Yes - But that didn't happen till 1867-- after the war was over, in 1866That's pretty much OTL. There's a reason why the south was divided up into military districts postwar, after all.
Lees Surrender did NOT END the formal WAR, IIRC that was Beauregard's surrender in South Carolina two months later.
So there was a lot of Chances for the insurrection option to be chosen, Instead. And in fact it took another two years for the Insurrection to End
on April 2, 1866, President Andrew Johnson issued a proclamation that,
"the insurrection which heretofore existed in the States of Georgia, South Carolina, Virginia, North Carolina, Tennessee, Alabama, Louisiana, Arkansas, Mississippi and Florida is at an end, and is henceforth to be so regarded."
The President's proclamation on June 13, 1866, declared the insurrection in the State of Tennessee had been suppressed.
August 20, 1866, the President proclaimed that the insurrection in the State of Texas had been completely ended; and his proclamation continued:
"the insurrection which heretofore existed in the State of Texas is at an end, and is to be henceforth so regarded in that State, as in the other States before named in which the said insurrection was proclaimed to be at an end by the aforesaid proclamation of the second day of April, one thousand, eight hundred and sixty-six.

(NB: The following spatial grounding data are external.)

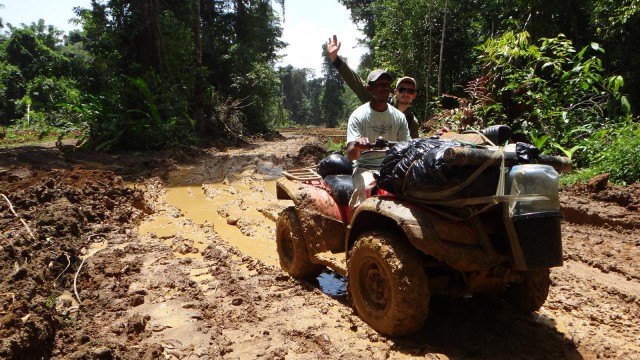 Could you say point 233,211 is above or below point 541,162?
below

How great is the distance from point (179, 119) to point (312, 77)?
68.9 m

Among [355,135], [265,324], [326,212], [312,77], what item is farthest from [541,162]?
[312,77]

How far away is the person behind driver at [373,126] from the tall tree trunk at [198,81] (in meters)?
15.1

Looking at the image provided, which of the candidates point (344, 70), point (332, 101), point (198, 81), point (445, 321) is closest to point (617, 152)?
point (344, 70)

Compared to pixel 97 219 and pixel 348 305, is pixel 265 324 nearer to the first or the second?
pixel 348 305

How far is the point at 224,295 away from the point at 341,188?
1448mm

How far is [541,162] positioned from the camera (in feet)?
9.42

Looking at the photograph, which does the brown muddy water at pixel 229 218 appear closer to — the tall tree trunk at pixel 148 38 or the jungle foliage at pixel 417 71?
the jungle foliage at pixel 417 71

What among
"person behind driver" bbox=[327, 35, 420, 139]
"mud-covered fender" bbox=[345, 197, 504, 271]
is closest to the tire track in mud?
"mud-covered fender" bbox=[345, 197, 504, 271]

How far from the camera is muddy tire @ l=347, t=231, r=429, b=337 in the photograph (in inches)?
Result: 110

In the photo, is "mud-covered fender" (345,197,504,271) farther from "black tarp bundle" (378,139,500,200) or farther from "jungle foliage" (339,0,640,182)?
"jungle foliage" (339,0,640,182)

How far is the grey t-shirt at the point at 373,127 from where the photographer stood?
3.80 m

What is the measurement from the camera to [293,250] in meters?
4.33

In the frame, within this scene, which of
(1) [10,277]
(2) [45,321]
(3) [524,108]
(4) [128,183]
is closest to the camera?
(2) [45,321] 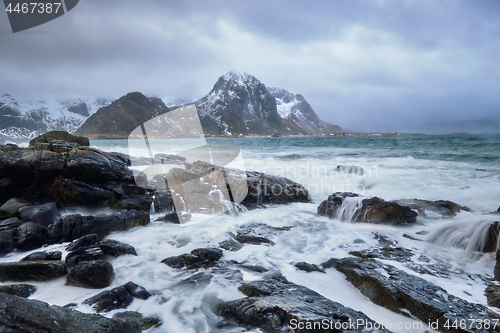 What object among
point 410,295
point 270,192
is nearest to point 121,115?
point 270,192

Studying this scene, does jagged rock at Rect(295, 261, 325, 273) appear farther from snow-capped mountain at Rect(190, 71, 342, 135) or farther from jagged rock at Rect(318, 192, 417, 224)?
snow-capped mountain at Rect(190, 71, 342, 135)

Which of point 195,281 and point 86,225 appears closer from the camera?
point 195,281

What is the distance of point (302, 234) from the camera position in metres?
5.99

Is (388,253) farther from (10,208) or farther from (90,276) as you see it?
(10,208)

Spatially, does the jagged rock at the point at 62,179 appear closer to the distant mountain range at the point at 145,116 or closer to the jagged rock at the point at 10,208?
the jagged rock at the point at 10,208

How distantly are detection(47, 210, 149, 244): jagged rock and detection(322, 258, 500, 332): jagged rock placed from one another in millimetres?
5221

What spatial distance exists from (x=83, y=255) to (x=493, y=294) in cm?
641

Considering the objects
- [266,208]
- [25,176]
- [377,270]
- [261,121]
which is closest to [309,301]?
[377,270]

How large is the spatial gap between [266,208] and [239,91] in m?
188

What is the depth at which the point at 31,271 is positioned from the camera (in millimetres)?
3660

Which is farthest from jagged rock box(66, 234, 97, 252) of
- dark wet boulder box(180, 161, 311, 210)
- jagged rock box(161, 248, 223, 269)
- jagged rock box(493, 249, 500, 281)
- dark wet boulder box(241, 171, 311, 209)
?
jagged rock box(493, 249, 500, 281)

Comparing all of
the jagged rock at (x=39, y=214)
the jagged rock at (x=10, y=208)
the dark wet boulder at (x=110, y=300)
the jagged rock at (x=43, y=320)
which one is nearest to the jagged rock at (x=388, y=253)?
the dark wet boulder at (x=110, y=300)

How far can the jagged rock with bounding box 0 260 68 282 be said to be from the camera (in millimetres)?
3586

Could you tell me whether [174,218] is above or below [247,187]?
below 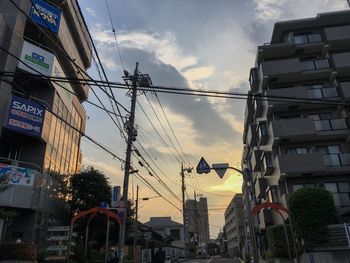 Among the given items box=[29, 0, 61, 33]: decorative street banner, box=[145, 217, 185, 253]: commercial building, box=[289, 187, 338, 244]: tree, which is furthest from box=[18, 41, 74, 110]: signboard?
box=[145, 217, 185, 253]: commercial building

And I do further proclaim that the said insurrection is at an end, and that peace, order, tranquillity, and civil authority now exist, in and throughout the whole of the United States of America."
Remembre even as the Insurrection Continued, the southern States were already sending members back to Congress, Including the Senators elected in 1860 who returned to take up the seats they had walked out of in 1861.
And many of the Congressmen in 1866 were the same reelected Congressmen who had walked out in 1861.